Foto: APA/Daniel Karmann

Wer im Spätsommer oder gar im Herbst eine fette Ernte einfahren will, muss spätestens jetzt zum Schneiden beginnen. Denn der Schnitt, so erfährt man es von allen Seiten, der Schnitt ist entscheidend. So finde ich mich seit Jahren mit klammen Fingern, offenen Blasen und kälteroten Ohren im Weingarten wieder, um den alten Stöcken eine Tonsur zu verpassen. Für einen guten Schnitt braucht es jahrzehntelange Erfahrung, meinte der Verpächter einst. Wir Frauen schneiden anders, meinte seine Frau. Schau gut zu, rieten beide.

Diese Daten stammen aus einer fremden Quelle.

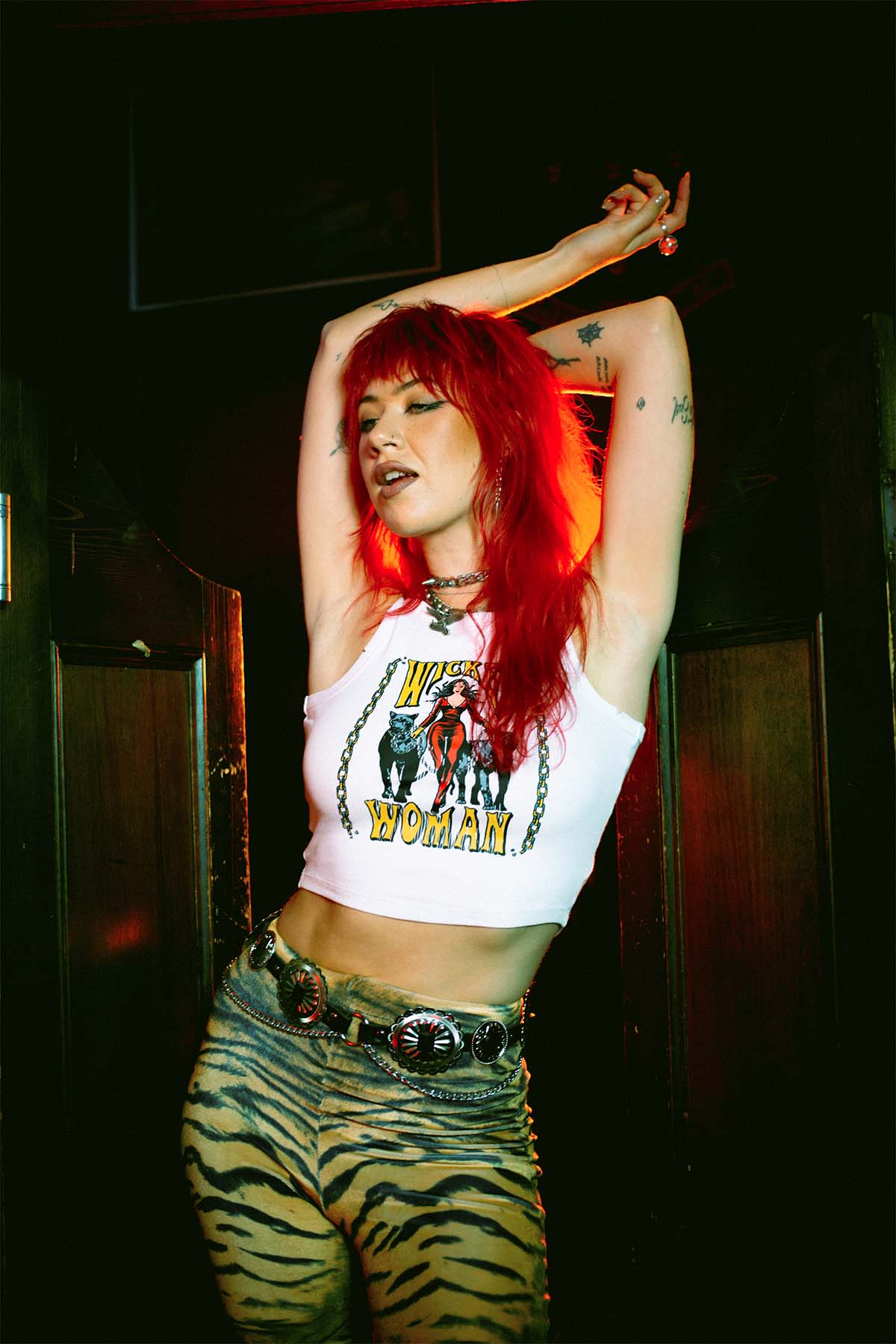 Amy Valentine wearing a Sleazy Rider Wicked Woman tank top in Slim Jim's London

Guten Schnitt kann man lernen, sagte der Universitätsprofessor. Rauf auf die Boku, rein in den Hörsaal - Weinbau eins, und der Herr Professor werden mir schon zeigen, was ein Auge ist. Nach faden Stunden der Ampelografie und witzigen Anekdoten aus des Professors Leben durften wir endlich in den transdanubischen Versuchsgarten, um den richtigen Schnitt zu lernen. Mit neuen Scheren und guten Mutes lauschten wir den Ausführungen, verstanden nichts und befolgten die Aufforderung "schön fertigputzen!" durch komplette Endrindung, was einen professoralen Nervenzusammenbruch und das Ende der akademischen Weinbaukarriere zur Folge hatte.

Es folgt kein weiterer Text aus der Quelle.